The politicisation of the QMS was evident in the report into snapper quota for SNA1 in 2013. The scientists said that Bay of Plenty stocks were down to an estimated 6% of original biomass which exceeds the Ministry's technical limit for 'collapse' (less than 10%). However, the Ministry report, compiled by bureaucrats rather than scientists, combined the figures for the Hauraki Gulf (estimated at 20-22% or original biomass) and BOP in order to gloss over the appalling state of the fishery in BOP.
I agree with Ben that bag limits will take care of recreational fishing pressure in SNA1 as long as they are kept current and based on scientific research, not emotion.

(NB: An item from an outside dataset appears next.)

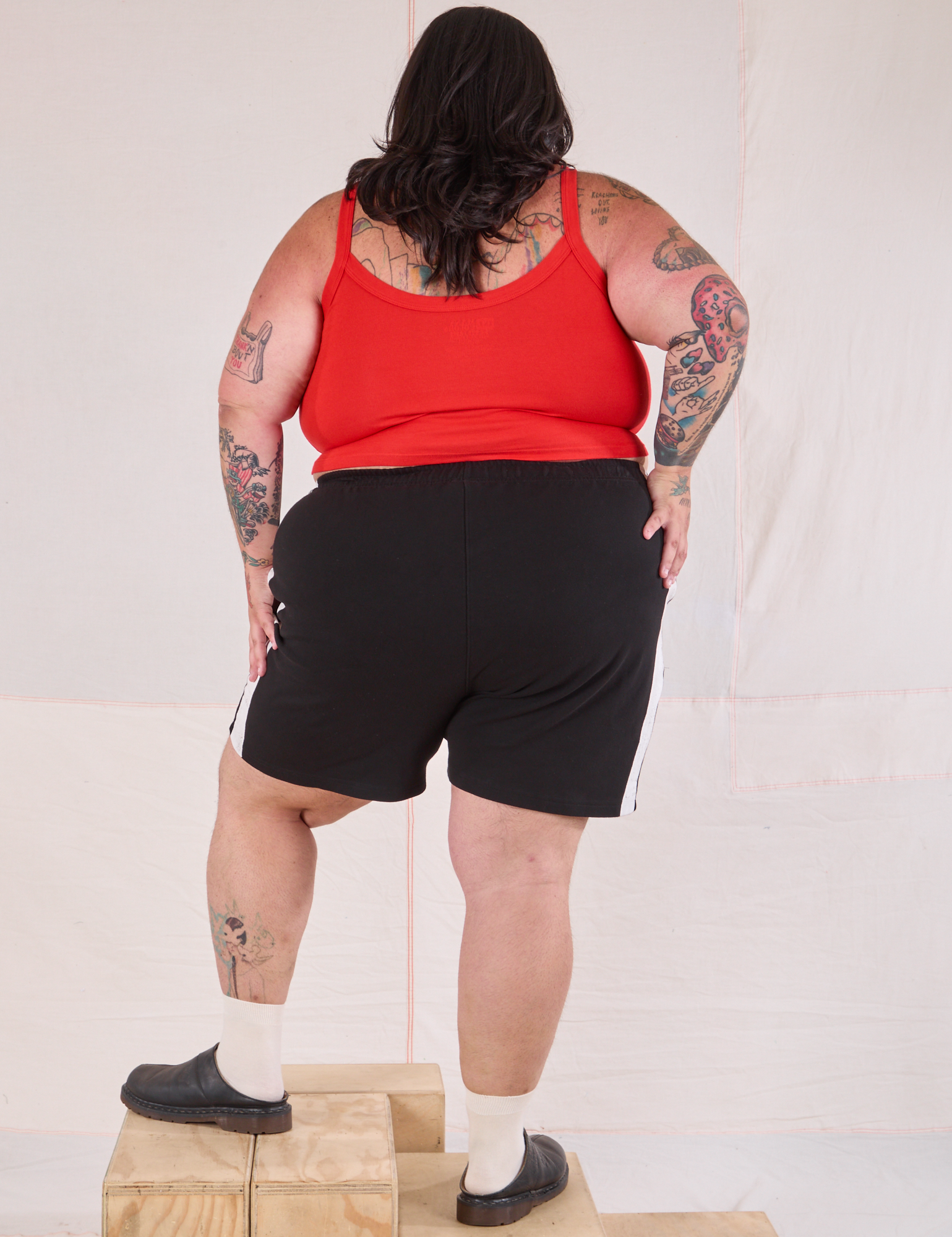 Back view of Painted Stripe Easy Shorts in Basic Black and mustang red Cropped Cami oNnSam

Your comment about technology limits does bring up a point I made (unsuccesfully) to a fishing friend recently, that recreational fishing is becoming more and more elitist. For all their talk about the rights of your average citizen to just go out and ‘catch a feed’, it is harder and harder to do that without a big boat and expensive equipment. And by being in denial about the need for further real cuts to recreational bag limits and commercial catches, there will be no significant increase in fish populations, and it will get increasingly harder to ‘catch a feed’.
Quite right Ben. That’s why small changes by a large group of people, like reducing bag limit from 9 to 7 snapper, can make a big difference. The bag limit in the Gulf should really come down to 5 or 6 per person as that is still plenty to feed your family. Fisherman need to get over the need to give some away to the neighbours etc, to show what great hunters they are.
Equally, commercial catch in Snapper 1 needs to drop by at least 20% until there are demonstrable signs of population rebuild.
Yes, snapper is the fish of choice for both recreational and commercial but other species are stressed as well, e.g. trevally, kahawai, crayfish, cockles, scallops, etc. Snapper and crayfish are the ones most fiercely contested by both recreational and commercial fishers.
My campaign-du-jour is to try and drum up enthusiasm for keeping Astrolabe Reef closed to fishing following the Rena sinking, and move it towards a permanent reserve. The hard yards are already done in terms of excluding fishers from the zone around the reef and it is nearly four years old now (I think). There is some impressive anecdotal evidence from divers about the lush schools of fish around the reef now.
Tell your friends.
They are promising recreational fishers something they essentially already have. As you pointed out, there is almost no commercial fishing in the inner Gulf, and what there is is of the best sort – small, targeted and quota managed.
What recreational fishers won’t face up to, with respect to the inner Gulf in particular, is that they are equally responsible for over fishing. This will only increase as the population of Auckland increases. They howl at and blame commercial fishing in the outer Gulf but, in the whole of the Snapper 1 zone (north east of North Island), the recreational catch is almost equal to the commercial catch.
There needs to be at least a 20% cut in snapper quota for both recreational and commercial fishers if we are to see any significant improvement in popuation by the next census (in about four years). In conjunction with many more no-take marine reserves, there would be some chance of significant rebuild of fish stocks. However, both recreational fishers (in the form of individuals and bodies such as Legasea) and commercial fishers are vehemently opposed to reserves anywhere, any time.
One of the latest reserves to be announced, at Kaikoura, has been so knobbled by the interests of iwi and fishers that there is some uncertainty as to whether it will produce much in the way of improvements to the environment and fish stocks. It is dubbed the AK47 reserve because of the shape imposed upon it by various competing interests.
As usual, no one speaks up for the rights of fish.